“The action is the challenging part, because there’s so many things you want to try and cover and so many things that are presented, and ideas,” Pierce said. “But the word we’re throwing out is ‘sustainable.’ What’s going to be sustainable, what’s going to have a lasting impact?”
» COMPLETE COVERAGE: Atlanta protests
Monday morning, the NBCA released a statement on Floyd’s death. The statement was signed by all 30 current NBA head coaches and three former ones, and more than 100 assistant coaches. It begins with heartfelt condolences and prayers for Floyd’s family and continues: “As NBA coaches — both head and assistant coaches — we lead groups of men, most of whom are African American, and we see, hear and share their feelings of disgust, frustration, helplessness and anger,” the statement read. “The events of the past few weeks — police brutality, racial profiling and the weaponization of racism are shameful, inhumane and intolerable.
“As a diverse group of leaders, we have a responsibility to stand up and speak out for those who don’t have a voice — and to stand up and speak out for those who don’t feel it is safe to do so. Witnessing the murder of George Floyd in cold blood and in broad daylight has traumatized our nation, but the reality is that African Americans are targeted and victimized on a daily basis. As NBA coaches, we cannot treat this as an isolated incident of outrage.
“We are committed to working in our NBA cities with local leaders, officials and law enforcement agencies to create positive change in our communities. We have the power and platform to affect change, and we will use it.”
According to ESPN, Pierce is joined by Spurs coach Gregg Popovich, Warriors coach Steve Kerr, Cavaliers coach JB Bickerstaff, Jazz coach Quin Snyder, former Knicks and Grizzlies coach David Fizdale and former Pistons, Magic and Heat coach Stan Van Gundy.
The committee has discussed “a ton” of ideas, Pierce said, but they’re still in the early stages of brainstorming.
“I don’t know what is going to be attainable, I don’t know what’s going to be practical, whether it’s the NAACP or getting the Innocence Project involved, or getting some politicians that have been working on policy change involved,” Pierce said. “The word ‘sustainable’ is so important for us because it isn’t just a conversation we need to keep having, we do need to get into action. How do we better engage law enforcement?”
Having conversations and NBA coaches show unity is one of the first small steps, Pierce added, but a more concrete plan is to come. It’s about what change can occur even after protests around the nation, including in Atlanta, come to a stop.
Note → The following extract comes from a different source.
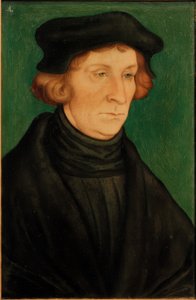 Portrét učence (Otto Brunfels) od Lucas Cranach the Elder
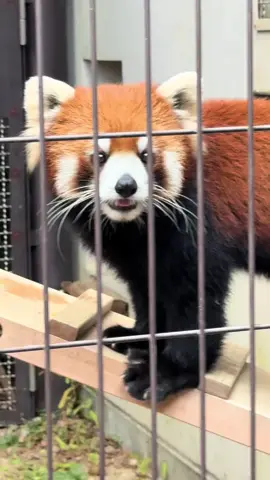 #レッサーパンダ #redpanda #杏香 #熊本市動植物園 #かわいい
“It’s tough, because I don’t know the answers to the systemic change that we need and we’re all striving for,” Pierce said. “I do know it’s going to require appropriate education, it’s going to require more work than we’re seeing with the protesting by the individuals. I think the emotional side is now. The effort and the work ethic and everything that’s required to actually impact and create change is, what’s going to happen when the protest goes away? That’s education, as a young person. This isn’t taught in school. Systemic racism isn’t taught in school. There’s no class on this.”